The answer should hold only the lines from the one containing "23600 CROSSWINDS WAY, California, MD 20619" through the one containing "Helena | Rollkragenpullover" in the entries below, copied exactly, without pictures.

Start of THE DATA

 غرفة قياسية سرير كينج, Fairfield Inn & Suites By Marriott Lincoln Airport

End of THE DATA
Start of THE DATA

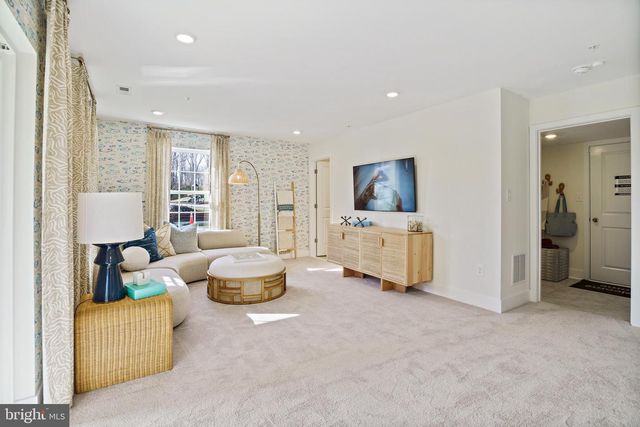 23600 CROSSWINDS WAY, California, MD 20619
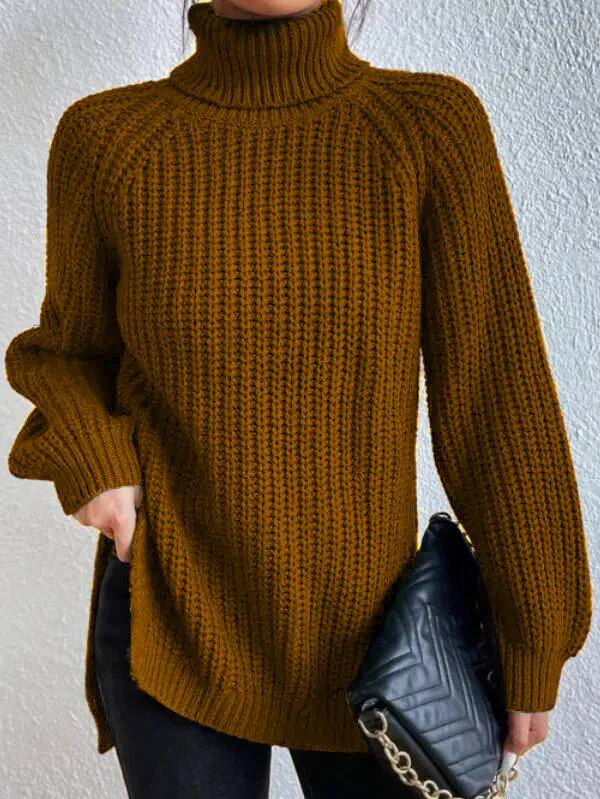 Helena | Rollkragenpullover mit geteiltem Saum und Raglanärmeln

End of THE DATA
Start of THE DATA

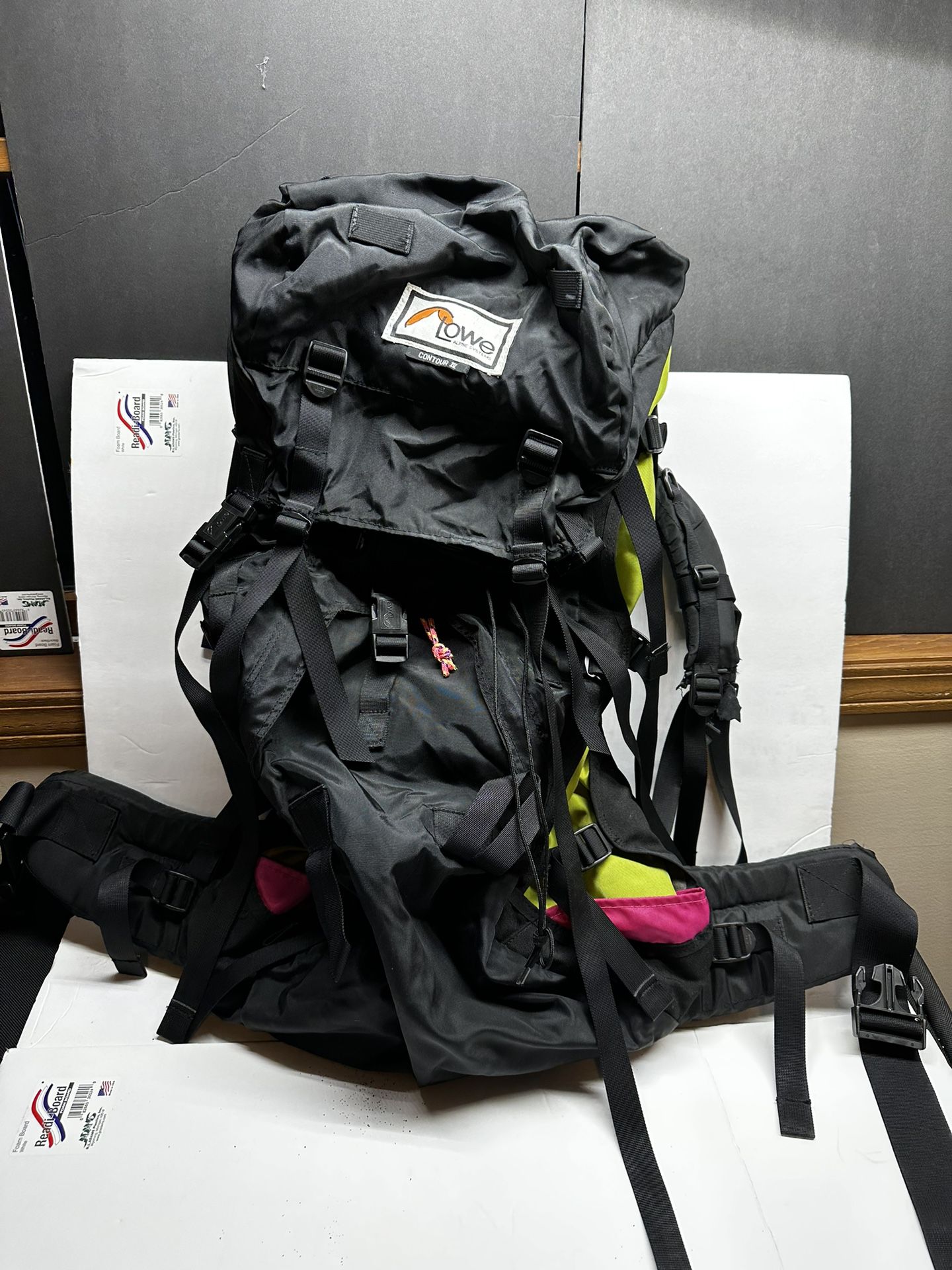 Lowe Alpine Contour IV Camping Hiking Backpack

End of THE DATA

» WRITTEN ANSWER:
 23600 CROSSWINDS WAY, California, MD 20619
 Helena | Rollkragenpullover mit geteiltem Saum und Raglanärmeln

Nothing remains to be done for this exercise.